The latest corruption allegations couldn’t have come at a worse time for PAGCOR’s leader, Alejandro Tengco, as the organisation seeks to steady the Philippines’ regulatory ship heading into 2026.
Accusations centre around a conflict of interest involving the family company of Tengco, have come at an unfortunate time for the organisation as it seeks to steady the Philippines’ regulatory ship heading into 2026.
Tengco has vehemently dismissed any suggestions from the media that he had influence on his family’s construction company, Nationstar Development Corporation, winning government contracts.
However, media investigations revealed that Nationstar, which was founded by Tengco in 2015 and is currently owned by his children, has secured more than 14 government contracts valued at Php 7.1bn (£90bn) since 2022, when he began his role with PAGCOR.
Tengco emphasised that he divested his interest in the construction company upon assuming leadership of the Philippines’ gaming regulator, having begun transferring ownership to his children as early as 2019.
“My position as Chairman and CEO of PAGCOR has no direct or indirect influence in the awarding of public works contracts to Nationstar,” said Tengco through a statement posted on PAGCOR’s website.
“There is no conflict of interest because under the Anti-Graft and Corrupt Practices Act (RA 3019) and the Code of Conduct of Government Employees (RA 6713), conflict of interest occurs when a public official has direct or indirect financial or pecuniary interest in any business contract or transaction in which they must intervene in their official capacity.”
Tumultuous 2025
The story closes out what has been a turbulent year for the Philippines’ gaming industry, as lawmakers in the country have repeatedly attempted to bring down regulated online gaming.

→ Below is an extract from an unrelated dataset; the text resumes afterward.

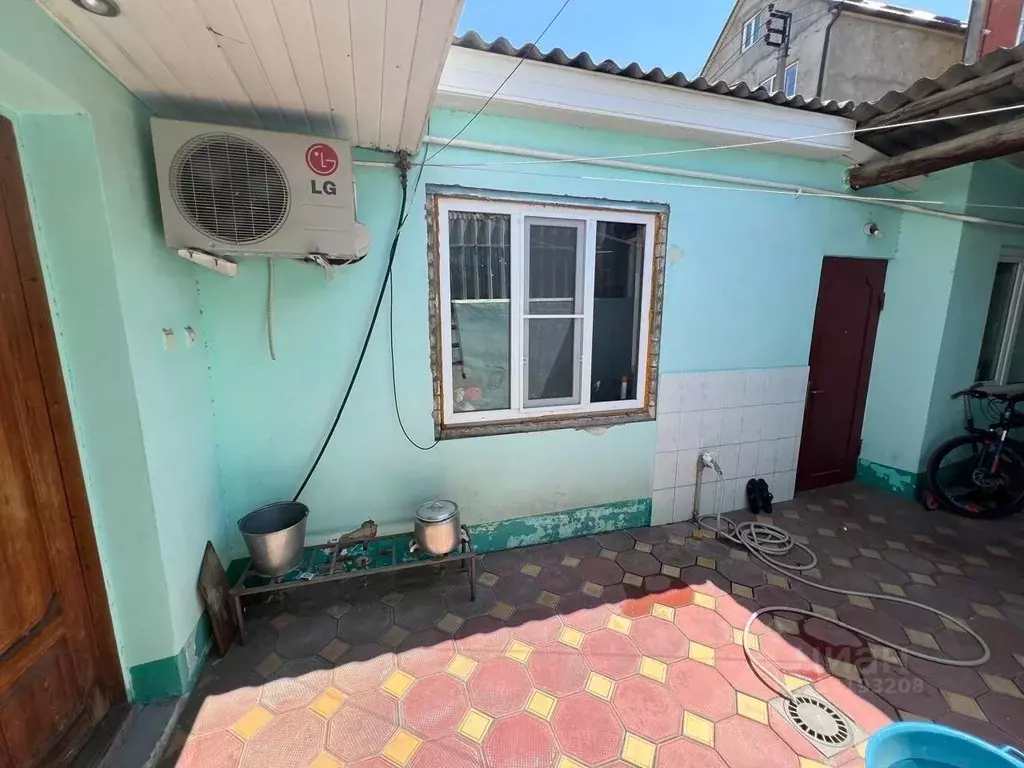 Дом в Дагестан, Махачкала ул. Абдуллы Гаджиева (100 м) - Фото 1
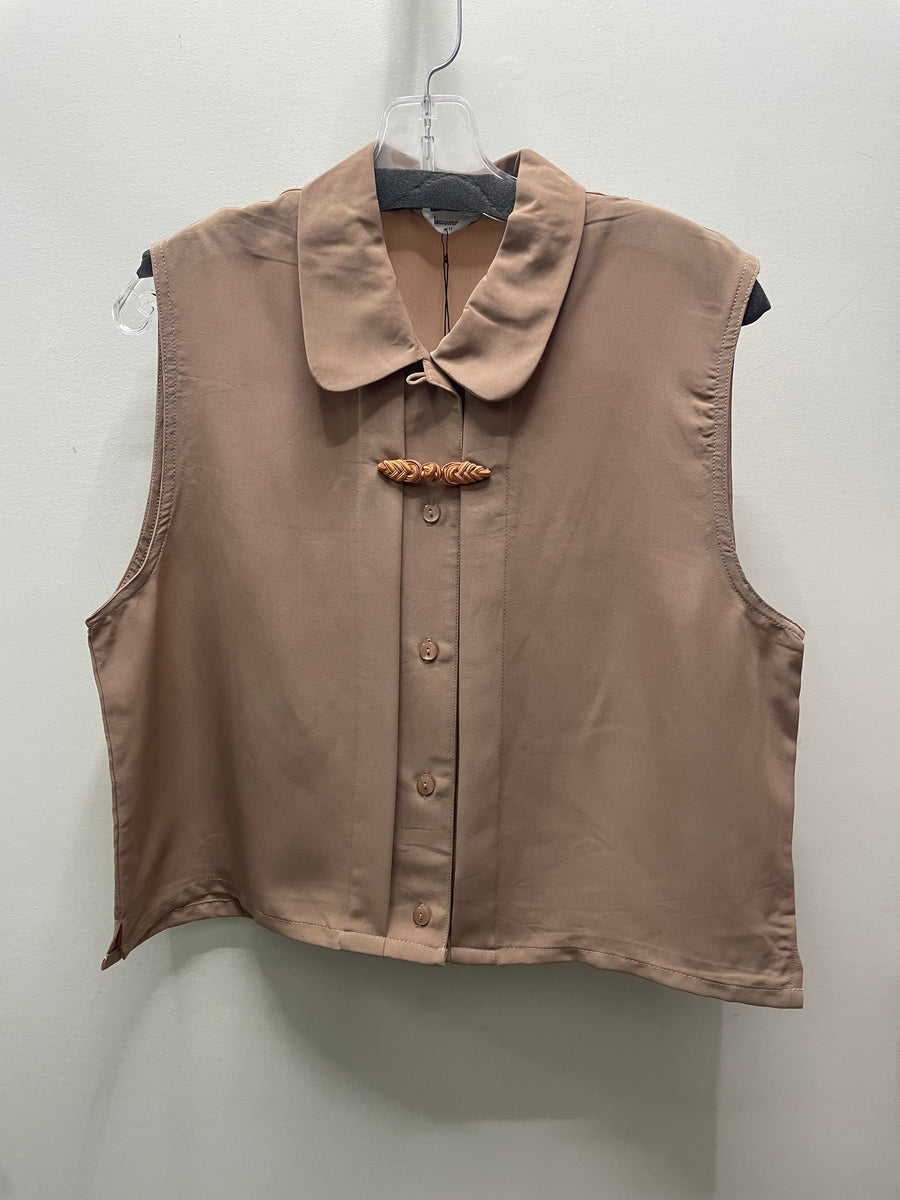 Reworked Sleeveless Flowy Crop Button Down #02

At the time of writing, the country’s Senate is still considering several bills that have called for a total ban on online gaming – citing the “silent epidemic” of gambling addiction in the Philippines.
In response, PAGCOR has been forced to defend the merits of supporting regulated iGaming, highlighting the significant income it generates for the Philippines’ government, while also warning that any prohibition “will only drive players to illegal operators and result in loss of revenue and jobs”.

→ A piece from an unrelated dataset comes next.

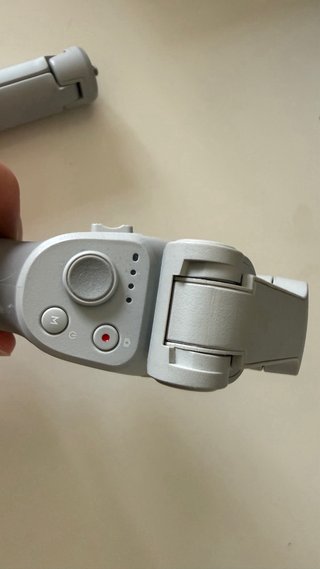 DJI OM 4 SE Estabilizador con trípode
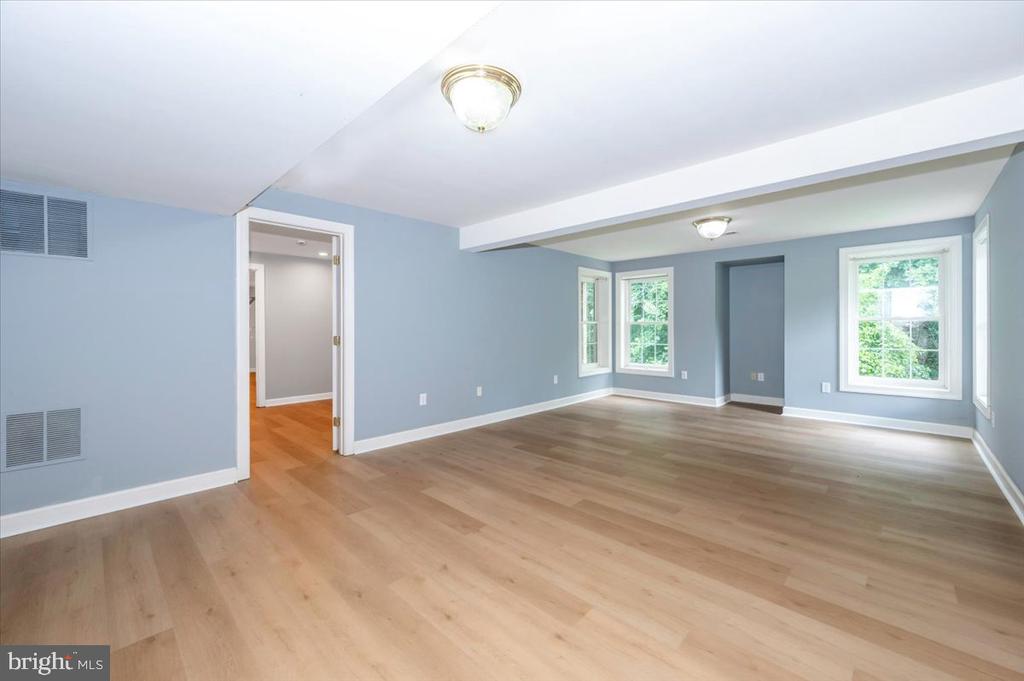 3220 WINMOOR DRIVE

“PAGCOR is committed to strengthening regulation and enforcement to ensure that only legitimate and properly monitored operators are allowed to operate,” said Tengco, speaking at a conference hosted by Light & Wonder.

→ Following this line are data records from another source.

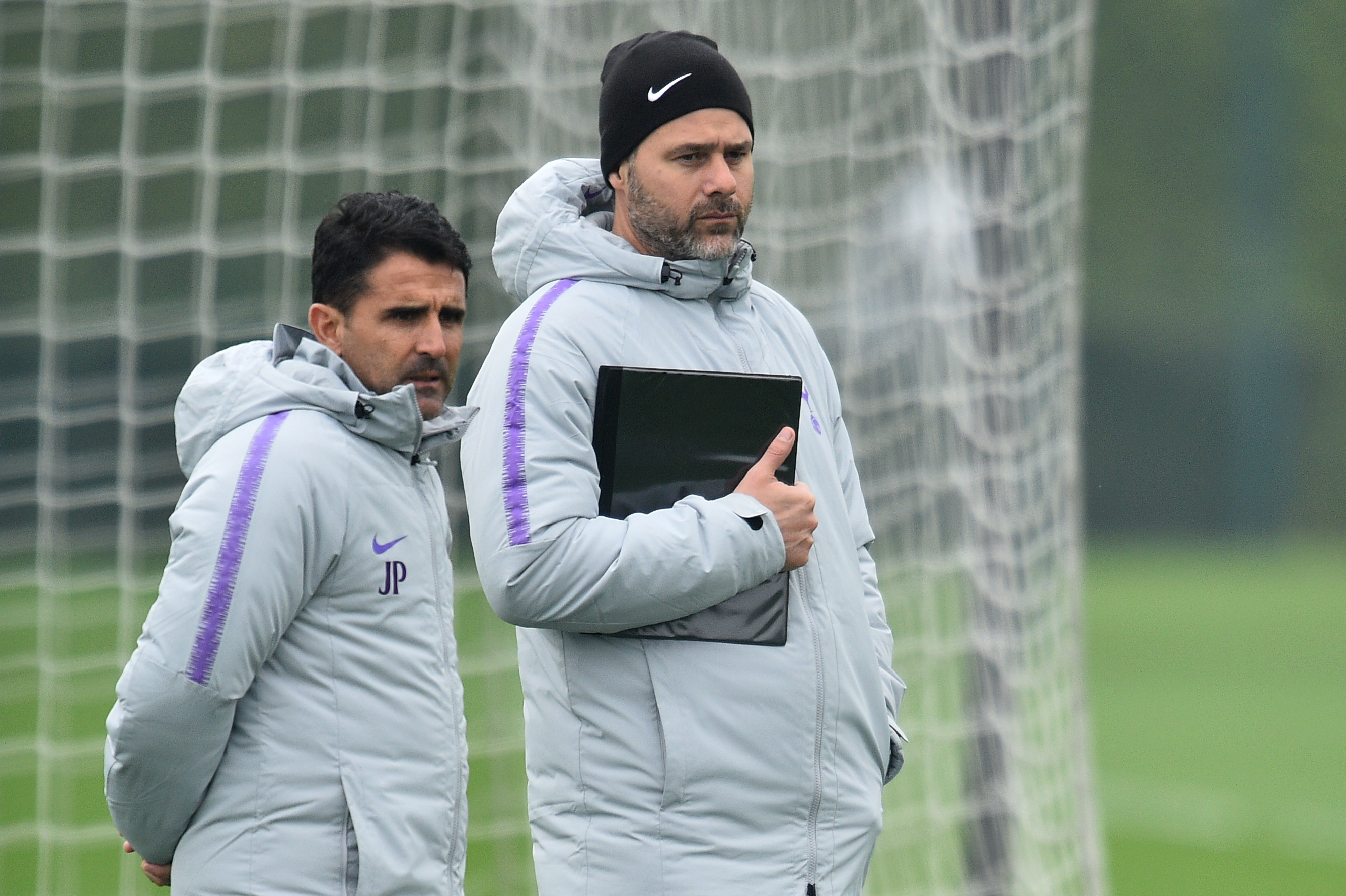 Mauricio Pochettino durante el último entrenamiento del Tottenham previo al partido de ida de cuartos de final contra el Manchester City. (Foto Prensa Libre: AFP)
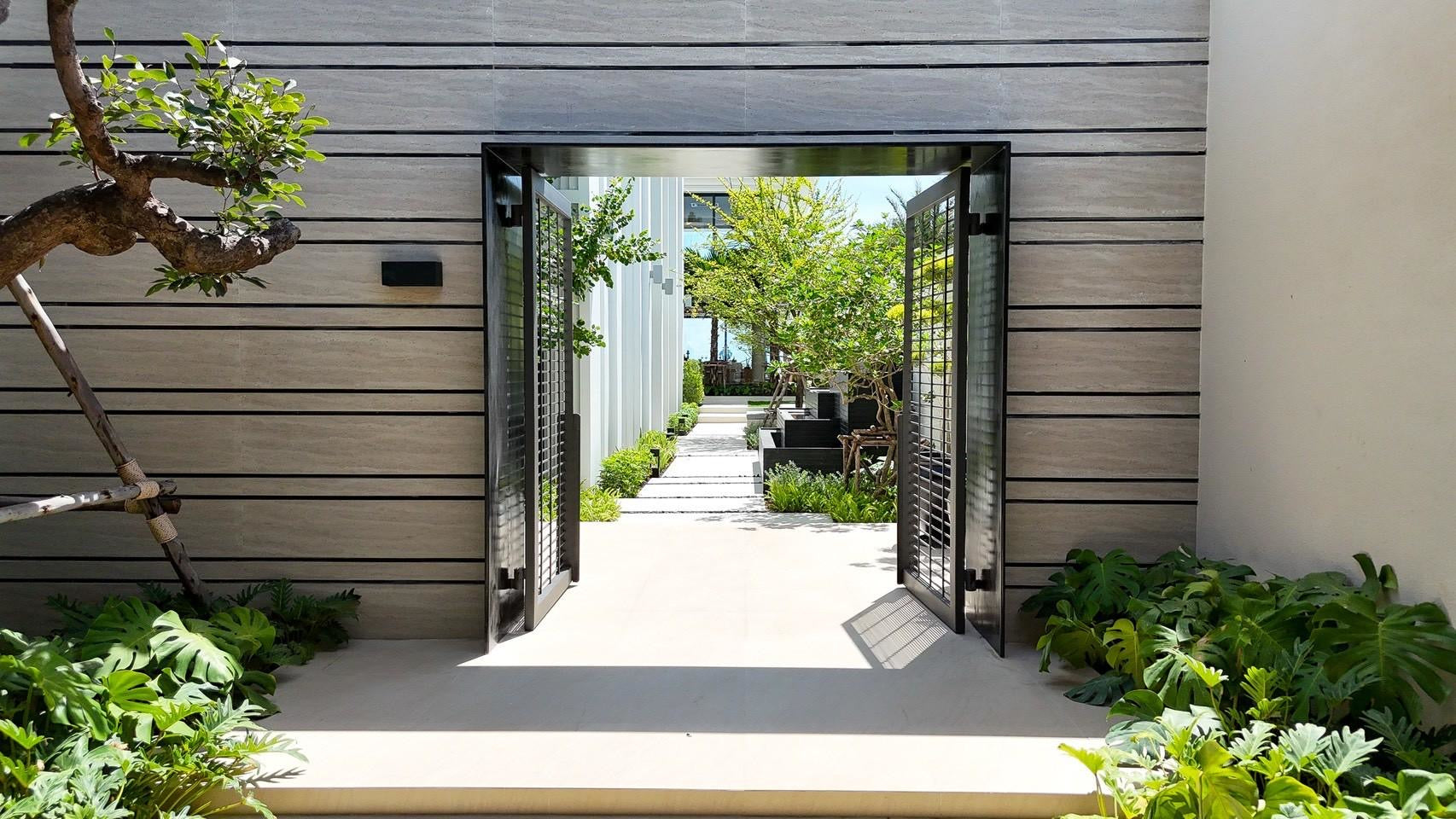 5 Bedroom Beachfront Luxury Villa – Cha Am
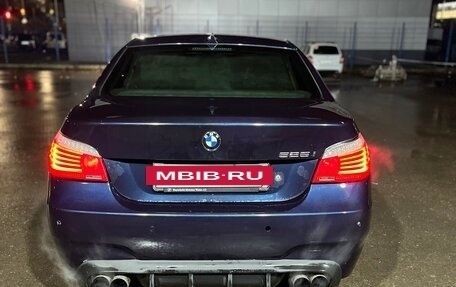 BMW 5 серия, 2006 год, 870 000 рублей, 12 фотография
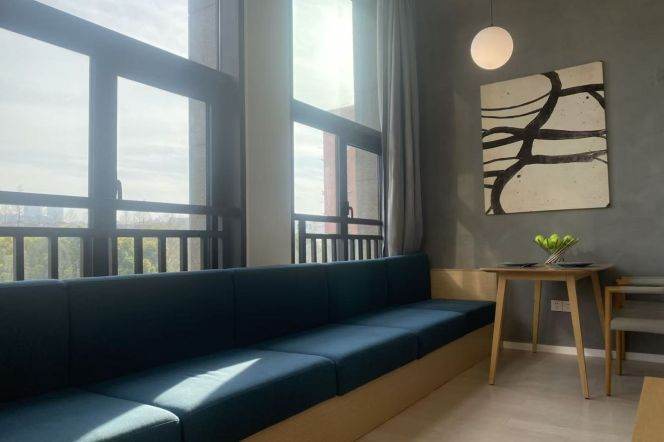 1 Loft in old Xu'hui area near line 9/12 Jia'shan Rd can long and short term lease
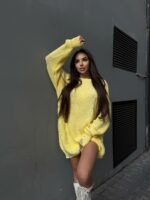 Женский Удлиненный Вязаный Желтый Свитер Оверсайз Рваный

“These illegal sites not only deprive the government of much-needed revenues but also expose Filipino players to numerous risks.”
Among the new regulations in the country is a mandatory decoupling of online gambling platforms to mobile wallets and payment applications, as well as a new accreditation requirement for iGaming service providers.
Although the former has been linked to a dip in revenue for leading operators such as DigiPlus in the third quarter of the year, the changes have been viewed as a vital step to renew trust in the industry.
“The delinking of e-wallets resulted in a short-term decline in activity toward the latter part of the quarter. However, these measures are vital to protect players and ensure secure, transparent transactions,” said Tengco.
Cautious optimism
Looking ahead to 2026, the fact that the bills above were submitted in July and there has been no action as of yet suggests that the momentum behind the push to ban online gaming has lost significant momentum.
However, any rumours of impropriety within the sector risk renewing conversations surrounding its position within the Philippines’ society.
The coming months represent a critical period for PAGCOR as it seeks to stabilise and push for the growth of an industry that has been touted as having the potential to cement itself as Southeast Asia’s second-largest gambling market behind Macau, as revenue is forecast to surpass $7bn in 2025.
Central to this action has been PAGCOR’s commitment to fighting the black market.
In October, PAGCOR signed a memorandum of understanding to divert Php 50m (£639,125) in funding to the National Bureau of Investigation (NBI), the organisation charged with countering illegal gaming.
According to PAGCOR, there are approximately 12,000 illegal online gaming sites in operation, compared to just 77 licensed operators.
While stricter regulations may be viewed as a burden for licensed operators, in the long term, such measures are key to differentiating the legal market from the illegal market and should inspire confidence among consumers.
Keith McDonnell, Director of the KMI Group, previously told iGaming Expert: “What the Philippines needs most now is time to carefully consider how a regulatory framework and workable tax system can provide long-term benefits to the local economy while protecting the most vulnerable.
“Everyone knows an outright ban on [inland gaming operators] would drive things underground, leading to more social, economic and political problems.”
A knee-jerk reaction from any stakeholder within the conversation risks bringing down the sector, and PAGCOR must lead the industry’s future with a cool head to navigate iGaming through a crucial beginning to 2026.”